Dataset excerpt —
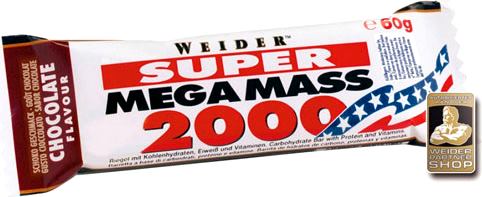 Протеиновые батончики Weider Mega Mass 2000 Bar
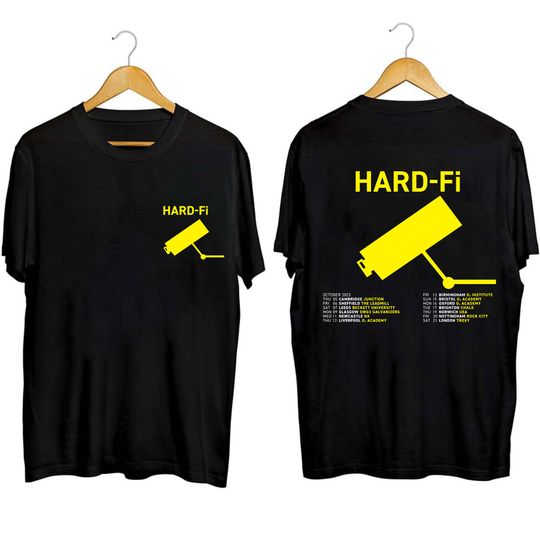 Discover Hard-Fi 2023 UK Tour Shirt - Perfect for Fans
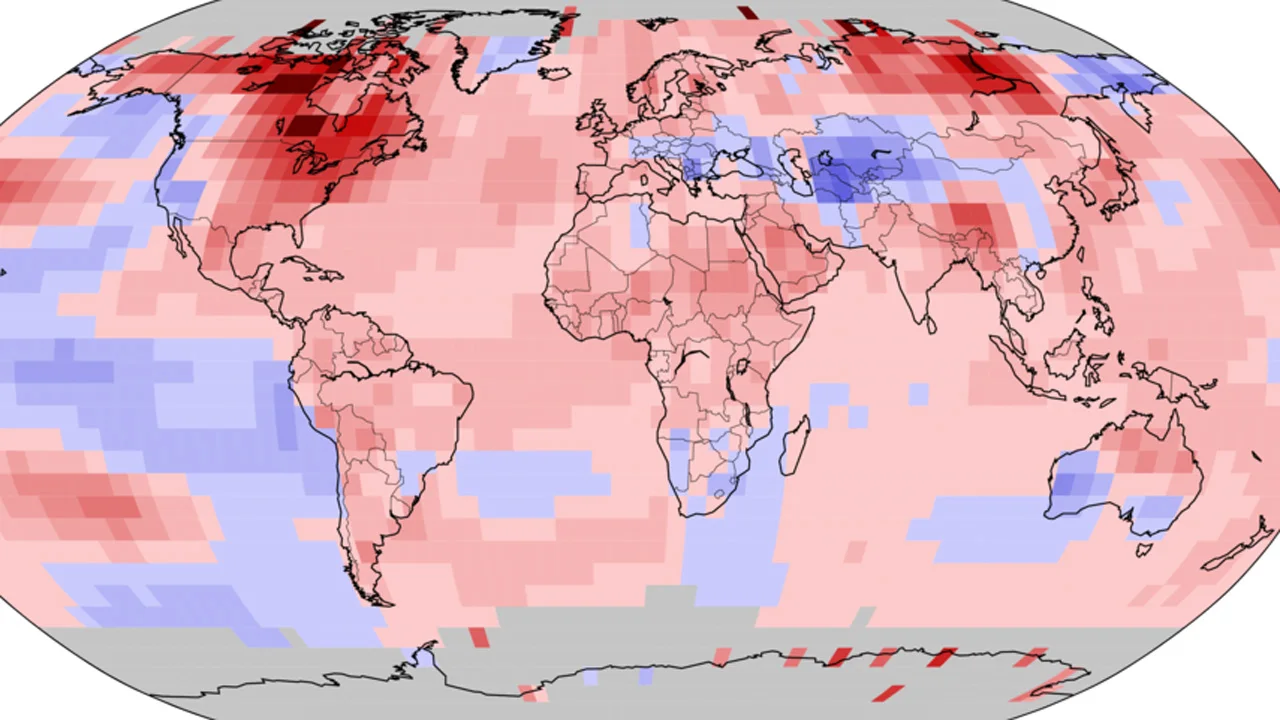 Some regions of Canada were global climate hot-spots in October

Prompt —
The required output is the listing above reproduced exactly, pictures removed.

Written response —
 Протеиновые батончики Weider Mega Mass 2000 Bar
 Discover Hard-Fi 2023 UK Tour Shirt - Perfect for Fans
 Some regions of Canada were global climate hot-spots in October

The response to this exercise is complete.